Bala and Bell developed neural networks, algorithms that are inspired by networks of neurons in the brain. They took tens of thousands of online images — everything from product catalog photos to images shared on public social networking sites — and showed them to the neural networks they were developing.
“If you have enough images of a thing, you can recognize what it is,” Bala says. “We trained these networks to do fine-grained recognition, where they could accurately identify the type and brand of furniture in an image.”
Eventually Bala and Bell broadened their network’s expertise into fashion. The ultimate result was an artificial intelligence (AI) made up of a set of algorithms that performed better than the state-of-the-art AIs of the time. “We stayed at least twice as accurate as the next best,” Bala says.

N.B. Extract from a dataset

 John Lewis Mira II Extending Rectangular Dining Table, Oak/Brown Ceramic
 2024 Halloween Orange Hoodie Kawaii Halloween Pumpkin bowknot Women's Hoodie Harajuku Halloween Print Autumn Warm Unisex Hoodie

Bala took a leave of absence from Cornell in 2016 and cofounded a company with Bell to market an AI-recognition product for furniture and fashion called GrokStyle (from “grok,” a term coined by Robert Heinlein in his 1961 novel Stranger in a Strange Land). Their success led to GrokStyle’s acquisition by Meta. Today, a new-generation AI based on GrokStyle — called GrokNet — runs visual recognition for Facebook’s e-commerce feature, Facebook Marketplace.
Pinpointing Patterns in Fashion
Although AI visual recognition still has a ways to go to become accurate under all conditions, Bala and her group are currently working on another project that assumes it is foolproof. They are exploring the ramifications of the premise that a good recognition algorithm, fed all the images of the world, will be able to pinpoint patterns in the data. As a first test, they created an algorithm they called StreetStyle that could comb through images and identify unique aspects of fashion specific to certain places or times of year.

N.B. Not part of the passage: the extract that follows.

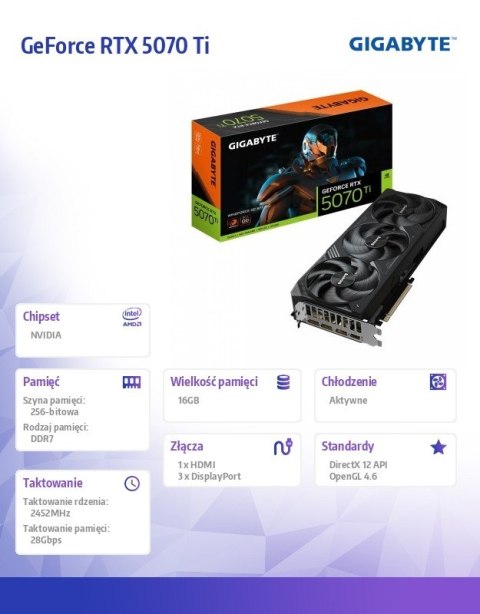 Karta graficzna GeForce RTX 5070 Ti WINDFORCE OC SFF 16G 256BIT GDDR7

“We were essentially mining all the world’s images to understand cultural phenomenon, and it was incredibly exciting.”
“Even if you’ve never visited a certain part of the world, by analyzing photos from there, you can get a sense of how people dress in that place,” Bala explains. “We ran our recognition algorithm looking for signature clothing from different parts of the world, and we found all kinds of matches. In Cairo the hijab popped out. In Lagos, it was the gele, a traditional headgear the women wear that’s very distinctive.”
The researchers went on to publish a paper on a more advanced form of the algorithm called GeoStyle. In it, they also looked for spikes, sudden appearances of particular articles or colors of clothing. “Out popped March 17,” Bala says. “Many people in the United States wear green on that day because it’s St. Patrick’s Day. We also saw cultural or sporting events: the Stanley Cup, the World Cup. These were times when fans were either posting pictures of their sports heroes or dressing like them. We were essentially mining all the world’s images to understand cultural phenomenon, and it was incredibly exciting.”

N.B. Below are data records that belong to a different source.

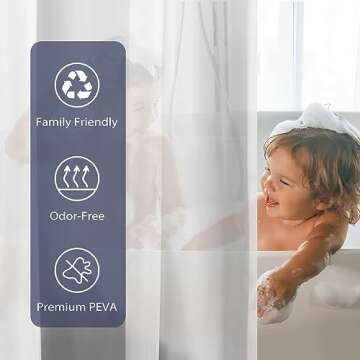 LOVTEX Clear Shower Curtain Liner Waterproof, 72x72 Lightweight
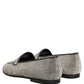 Dolce & Gabbana Silver Crystal Embellished Men Loafers Shoes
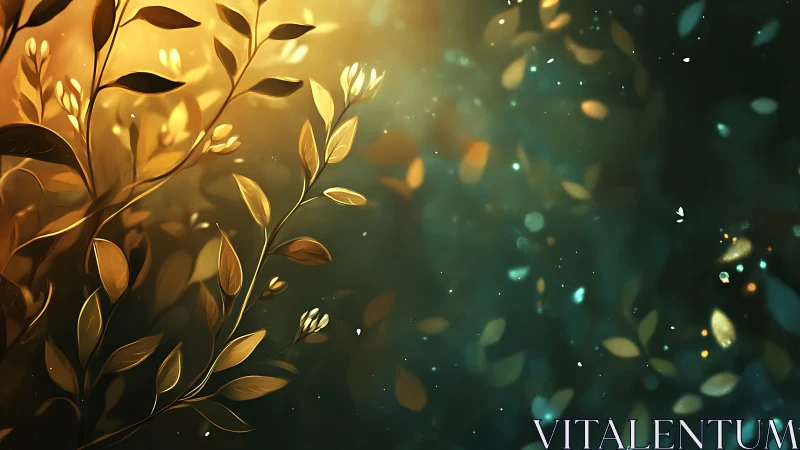 Golden leaves illuminated against teal bokeh background.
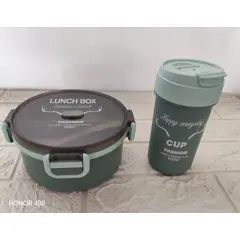 GENERICO - Táper Lunch Box Circular con Cubiertos y vaso hermético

Detecting Global Trends in Climate and Agriculture
Working with researchers at the Cornell Institute of Digital Agriculture, Bala is now applying the latest iteration of the algorithm to satellite images, in an attempt to detect things like global climate changes and trends in crop health.
“Prediction is one of our goals,” she says. “If we see trends that are time-shifted in one place and we start seeing the beginning of that same trend in another location, we may be able to predict where the phenomenon is going to go. There’s an extraordinary amount of visual data about our planet and our lives posted online. We can learn so much about who we are and the state of our planet by analyzing it.”